TASK INSTRUCTIONS: Give a verbatim copy of the lines below, minus the pictures.

DATASET EXCERPT:
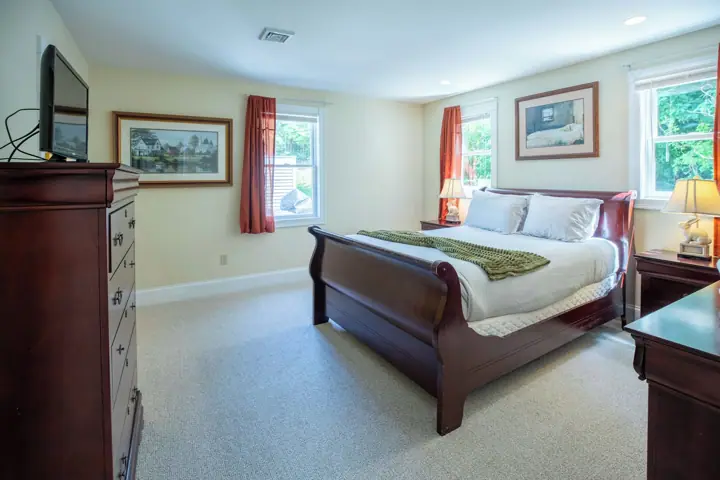 A bedroom with a bed, dresser, and two windows with curtains
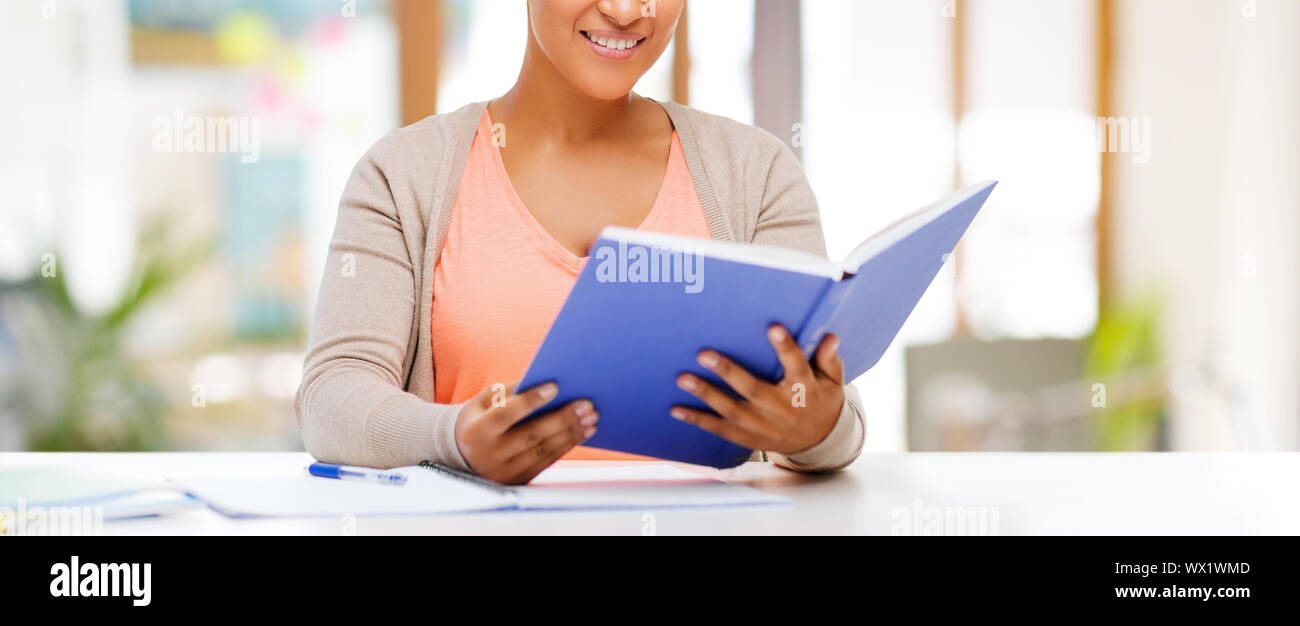 african american female student reading book Stock Photo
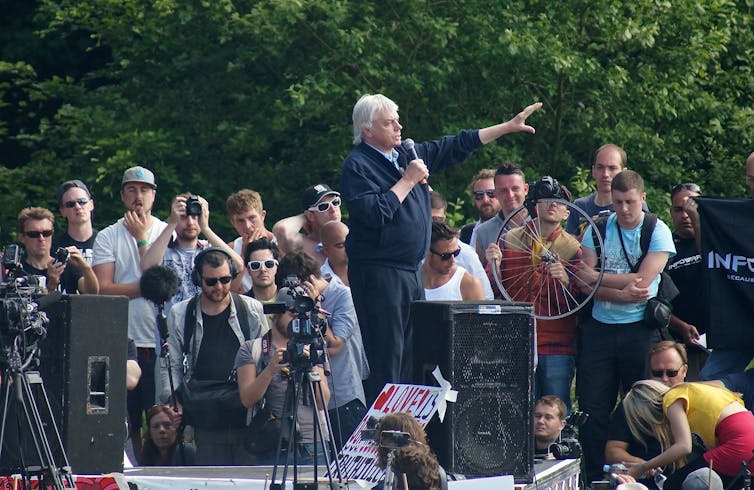 a man on a stage talking to a crowd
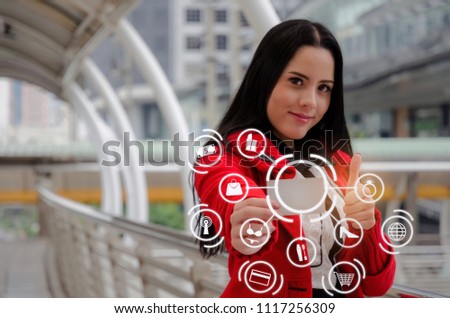 beautiful young woman in red jacket holding credit card and showing thumbs up with graphic icon diagram, internet, fashion, promotion, special offer, winter sale, payment and shopping online concept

THE COMPLETED TASK:
 A bedroom with a bed, dresser, and two windows with curtains
 african american female student reading book Stock Photo
 a man on a stage talking to a crowd
 beautiful young woman in red jacket holding credit card and showing thumbs up with graphic icon diagram, internet, fashion, promotion, special offer, winter sale, payment and shopping online concept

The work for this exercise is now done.